**Exercise details:** Extract the line that contains "Hankook Winter i*Pike" and every line after it to the end of the records below, exactly as written and nothing else.

**The data:**
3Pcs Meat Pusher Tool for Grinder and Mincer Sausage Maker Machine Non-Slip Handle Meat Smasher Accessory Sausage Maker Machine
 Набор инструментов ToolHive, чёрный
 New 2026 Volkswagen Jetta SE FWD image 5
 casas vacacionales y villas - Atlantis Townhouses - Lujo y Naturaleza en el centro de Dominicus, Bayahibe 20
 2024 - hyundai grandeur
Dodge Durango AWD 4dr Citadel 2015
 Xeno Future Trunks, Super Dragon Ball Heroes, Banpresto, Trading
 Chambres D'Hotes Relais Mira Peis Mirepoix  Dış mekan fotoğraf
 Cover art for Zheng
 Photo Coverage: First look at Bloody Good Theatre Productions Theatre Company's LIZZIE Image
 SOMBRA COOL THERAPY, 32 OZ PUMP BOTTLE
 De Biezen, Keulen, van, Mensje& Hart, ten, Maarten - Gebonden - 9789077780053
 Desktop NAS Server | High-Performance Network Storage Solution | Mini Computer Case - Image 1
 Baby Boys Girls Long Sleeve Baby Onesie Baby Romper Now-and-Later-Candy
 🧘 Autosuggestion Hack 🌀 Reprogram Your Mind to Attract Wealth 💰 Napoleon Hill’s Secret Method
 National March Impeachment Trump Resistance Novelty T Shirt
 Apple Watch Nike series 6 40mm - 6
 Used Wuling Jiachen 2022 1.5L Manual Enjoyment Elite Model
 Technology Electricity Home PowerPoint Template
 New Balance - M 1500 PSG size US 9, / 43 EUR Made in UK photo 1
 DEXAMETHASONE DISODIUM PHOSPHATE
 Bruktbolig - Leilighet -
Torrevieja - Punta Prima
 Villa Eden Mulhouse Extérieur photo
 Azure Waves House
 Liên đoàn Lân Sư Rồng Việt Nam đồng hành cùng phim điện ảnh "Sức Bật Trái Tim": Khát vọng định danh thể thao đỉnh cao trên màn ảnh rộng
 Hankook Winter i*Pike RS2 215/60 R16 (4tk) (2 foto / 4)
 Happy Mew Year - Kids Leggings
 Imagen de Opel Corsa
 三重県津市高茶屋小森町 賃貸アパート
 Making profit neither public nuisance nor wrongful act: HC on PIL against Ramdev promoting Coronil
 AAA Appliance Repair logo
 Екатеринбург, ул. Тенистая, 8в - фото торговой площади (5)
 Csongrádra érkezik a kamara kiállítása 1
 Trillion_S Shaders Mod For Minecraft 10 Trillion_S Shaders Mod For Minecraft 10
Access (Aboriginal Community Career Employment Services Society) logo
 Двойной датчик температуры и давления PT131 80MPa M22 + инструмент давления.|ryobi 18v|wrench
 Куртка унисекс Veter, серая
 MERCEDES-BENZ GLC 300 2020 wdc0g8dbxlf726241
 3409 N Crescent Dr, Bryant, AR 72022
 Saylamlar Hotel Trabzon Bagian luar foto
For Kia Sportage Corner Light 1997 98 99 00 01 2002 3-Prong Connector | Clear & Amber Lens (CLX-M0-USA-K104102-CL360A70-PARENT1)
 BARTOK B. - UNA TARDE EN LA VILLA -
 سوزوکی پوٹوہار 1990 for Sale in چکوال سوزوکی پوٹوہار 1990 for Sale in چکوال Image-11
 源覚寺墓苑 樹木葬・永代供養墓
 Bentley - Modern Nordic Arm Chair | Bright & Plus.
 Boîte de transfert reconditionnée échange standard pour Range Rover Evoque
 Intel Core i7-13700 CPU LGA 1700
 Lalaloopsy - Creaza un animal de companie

**Problem solution:**
 Hankook Winter i*Pike RS2 215/60 R16 (4tk) (2 foto / 4)
 Happy Mew Year - Kids Leggings
 Imagen de Opel Corsa
 三重県津市高茶屋小森町 賃貸アパート
 Making profit neither public nuisance nor wrongful act: HC on PIL against Ramdev promoting Coronil
 AAA Appliance Repair logo
 Екатеринбург, ул. Тенистая, 8в - фото торговой площади (5)
 Csongrádra érkezik a kamara kiállítása 1
 Trillion_S Shaders Mod For Minecraft 10 Trillion_S Shaders Mod For Minecraft 10
Access (Aboriginal Community Career Employment Services Society) logo
 Двойной датчик температуры и давления PT131 80MPa M22 + инструмент давления.|ryobi 18v|wrench
 Куртка унисекс Veter, серая
 MERCEDES-BENZ GLC 300 2020 wdc0g8dbxlf726241
 3409 N Crescent Dr, Bryant, AR 72022
 Saylamlar Hotel Trabzon Bagian luar foto
For Kia Sportage Corner Light 1997 98 99 00 01 2002 3-Prong Connector | Clear & Amber Lens (CLX-M0-USA-K104102-CL360A70-PARENT1)
 BARTOK B. - UNA TARDE EN LA VILLA -
 سوزوکی پوٹوہار 1990 for Sale in چکوال سوزوکی پوٹوہار 1990 for Sale in چکوال Image-11
 源覚寺墓苑 樹木葬・永代供養墓
 Bentley - Modern Nordic Arm Chair | Bright & Plus.
 Boîte de transfert reconditionnée échange standard pour Range Rover Evoque
 Intel Core i7-13700 CPU LGA 1700
 Lalaloopsy - Creaza un animal de companie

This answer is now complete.